Bazin accepted the proposal made by Dimitris Michelogiannis, Regional Vice Governor for Development in Crete, the man who had approached him. And so, for 15 days in October, Bazin came to the area of Apokoronas in Hania, where he hiked the region’s trails with the assistance of maps and applications.
Routes for everyone
The network of routes and trails at Apokoronas in Hania is composed of 12 trails, altogether measuring a total of 150km. Some of these already existed and have been repaired, while some of the existing routes were extended. The Region of Crete and the Municipality of Apokoronas are both responsible for the preservation, connection and operation of the trails, which will be open at the end of the year.
The first route was delivered to the public in mid-October and cyclically connects the abandoned ancient city of Aptera, the Byzantine churches in the region’s semi-mountainous areas and the Kiliaris valley with the Itzedin fortress, one of the major defensive structures built by the Ottomans at the port of Souda. Bazin hiked along all twelve trails.
 
“The footpaths were mostly at low and medium altitudes. Some are difficult and challenging, since they are not yet complete, while others are more physically demanding for hikers. Overall, the network is exceptionally interesting, and it also boasts a variety of trails for families,” says 44-year-old Bazin.
The Apokoronas network offers rich images to visitors: landscapes with contrasts in the heights of the Lefka Ori (the “White Mountains”), passages through villages teeming with cypress trees such as Vafes, Tzitzifies and Fres, unique fairytale-like forests by the sea, lakes, historical landmarks and sites of remembrance and religious interest from the Venetian and Ottoman periods around Vamos, the historic capital of the region, as well as the area of Apokoronas that is well known for its agro-tourism. “This variety is deeply enjoyable, as every day I would discover a new aspect of Apokoronas,” he adds.
Cretan contradictions
The trails of Apokoronas are added to a series of hiking routes on Crete, such as those in the Samaria gorge (which according to Bazin is beautiful, but only showcases one aspect of the island’s natural beauty), and the 77 sections of the E4 European hiking trail that begins in Kastelli Kissamou, traverses all of the island’s regional units, and terminates in Kato Zakros in Lasithi.

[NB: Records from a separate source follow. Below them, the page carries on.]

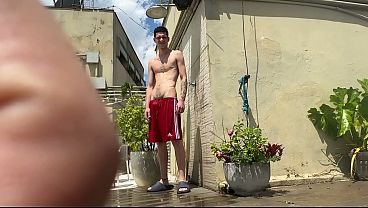 Fiquei Curiosa Para Ver O Que O Vizinho Fazia Na Varanda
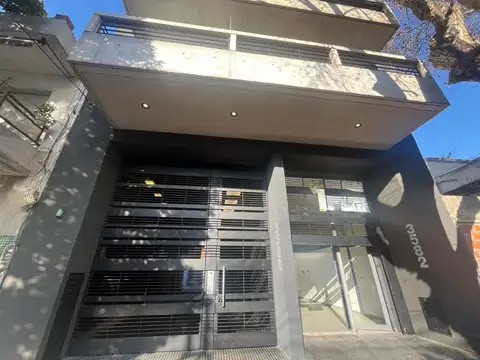 Alquiler, Luminoso y Amplio Local a Estrenar Doble Altura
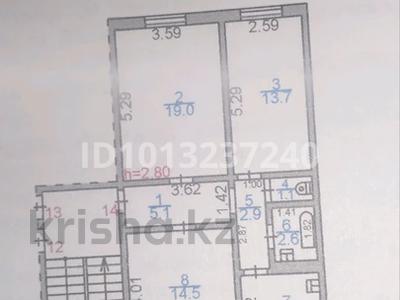 3-комнатная квартира · 65.6 м² · 2/3 этаж, Сатпаева 44 — Пересечение улиц Некрасова Сатпаева за 20 млн ₸ в Жезказгане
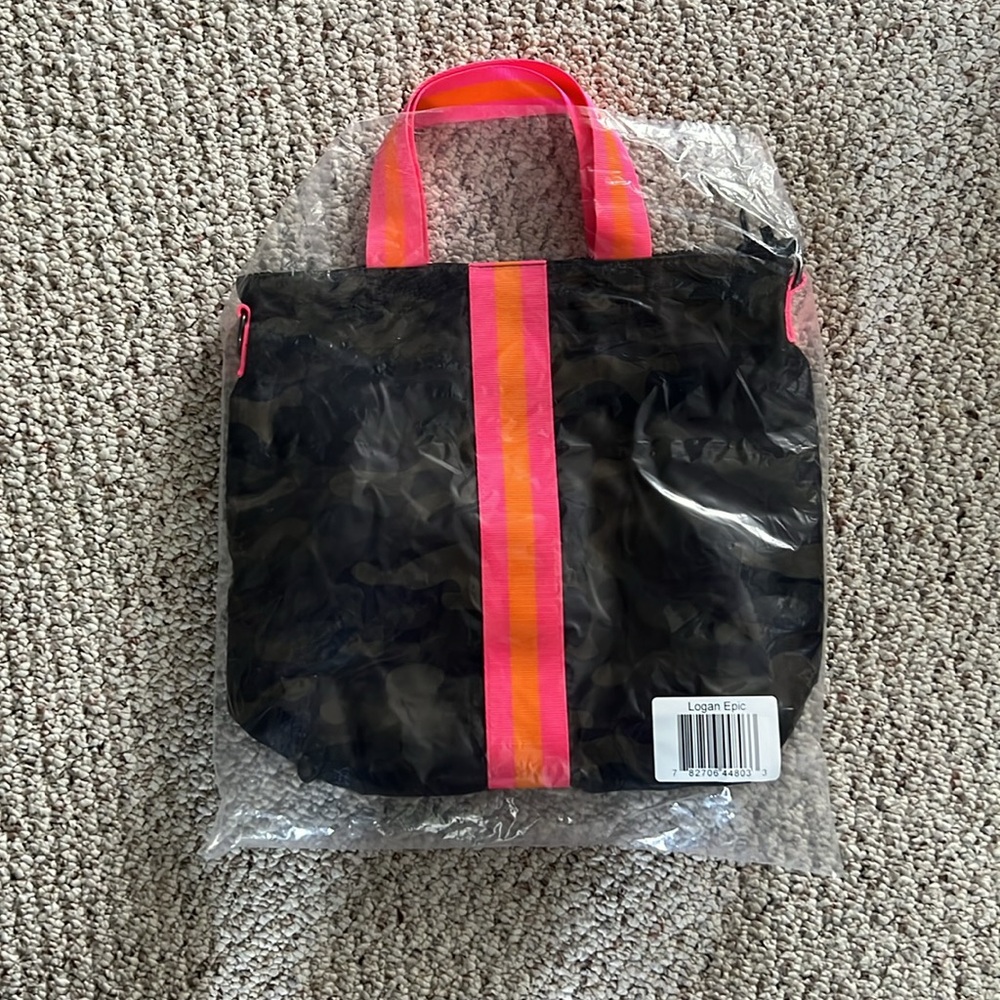NWT HAUTE SHORE women's logan showoff bag in green camo/pink/orange stripes - Picture 9 of 10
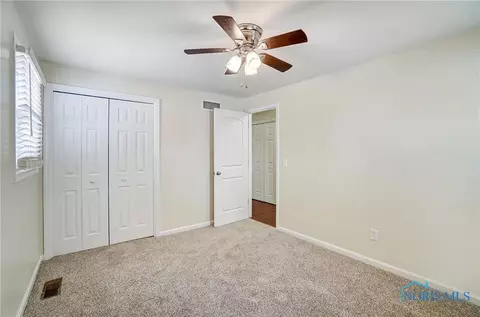 105 Oak Meadows Dr, Bryan, OH 43506 photo 33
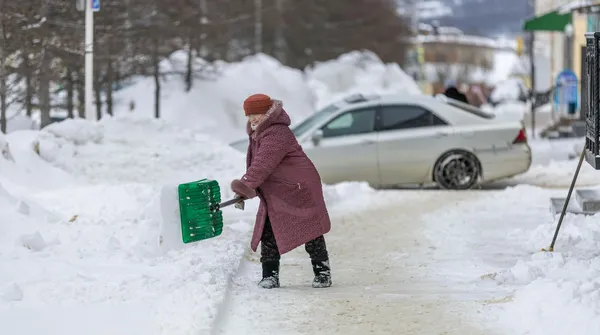 Sprzątasz cudzy chodnik? TK sprawdzi, czy to zgodne z Konstytucją 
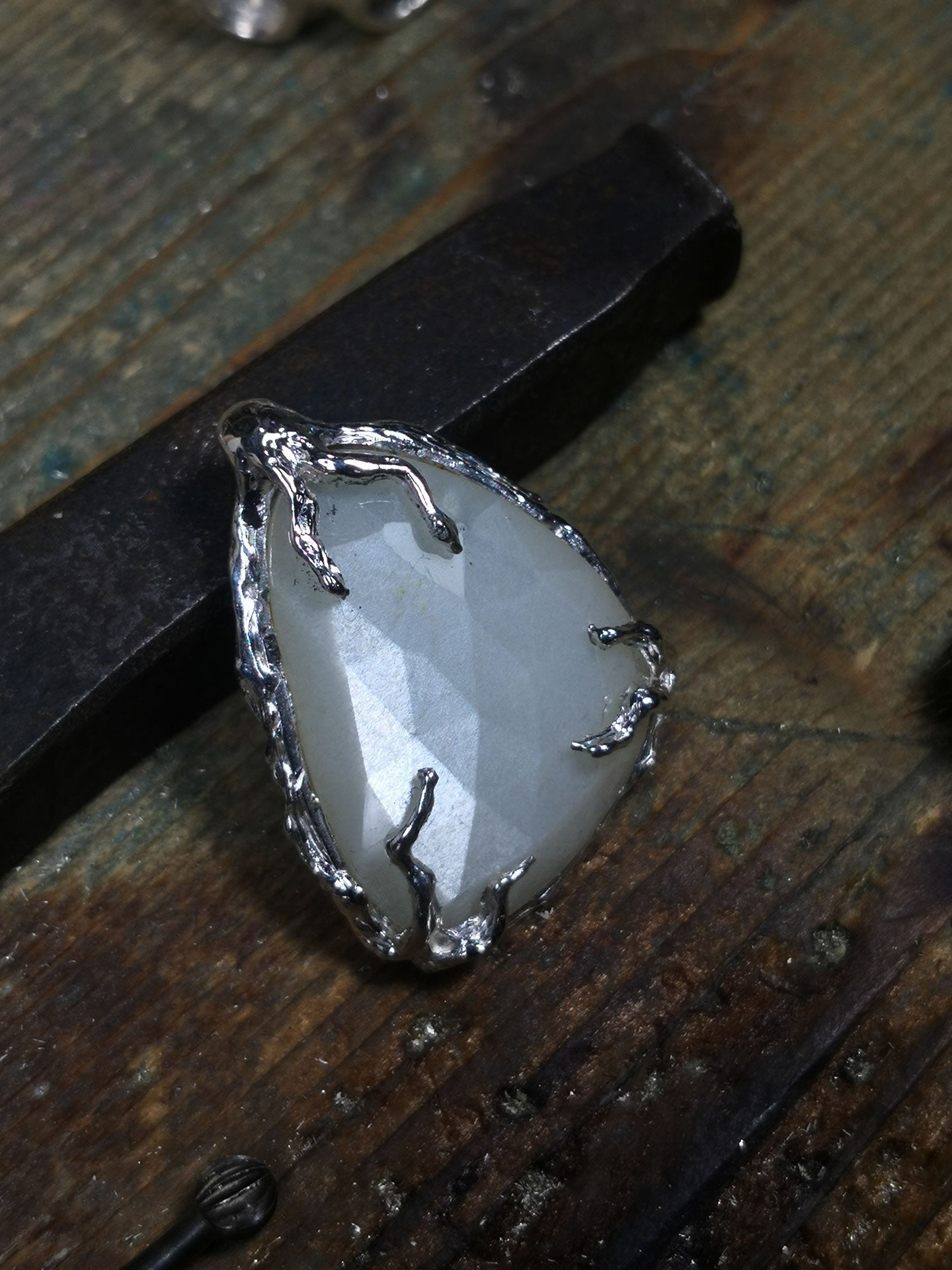 "Rami" Pendant in Silver with Selenite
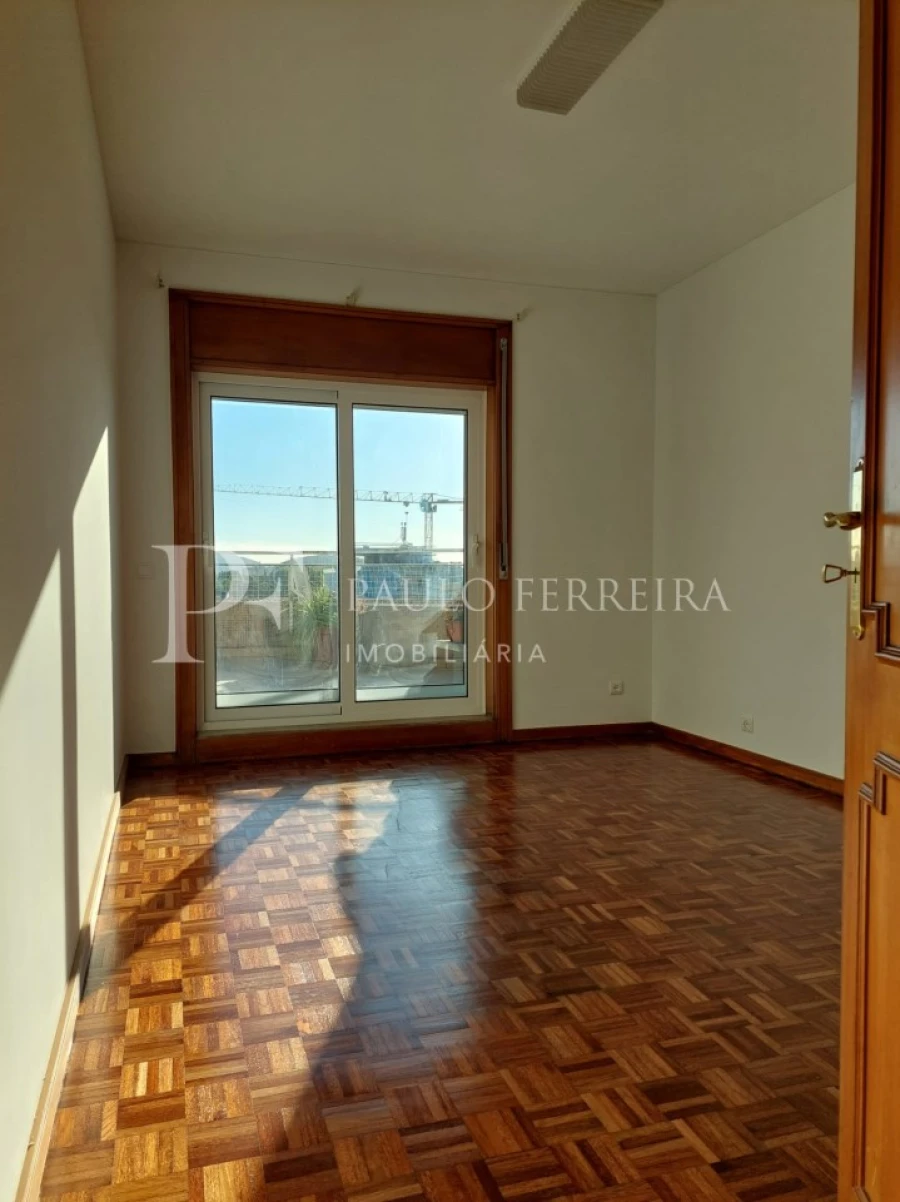 Apartamento T3 para Arrendamento em Braga (São José de São Lázaro e São João do Souto) Foto 10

The comparative advantage of the new network, according to the French journalist, is the fact that it connects the region’s villages with the surrounding natural environment. “In France, this type of trail has been around for the last 30 years. Hiking is hugely popular and I am excited to share my experience on Crete with the French public, who I am sure will be very interested in them.”
 
What was it about Apokoronas that won him over? “I got the feeling of experiencing a genuine and profound ‘agricultural exploration,’ meaning that I discovered small villages, nature and mountains where I would encounter just sheep and dogs. I was surprised by the intense contrasts I saw in the Cretan countryside. On the one hand, I would see old houses that have been restored, next to structures in ruins. On the other hand, I would see modern houses with an ugly aesthetic or even rubbish next to gardens, or old wells. It reminded me of certain parts of southern Italy, but I soon realized that these contrasts are an integral part of Crete’s charm. The network of hiking trails gave me a glimpse into the reality of life and nature, in all its forms, even when there are contradictions.”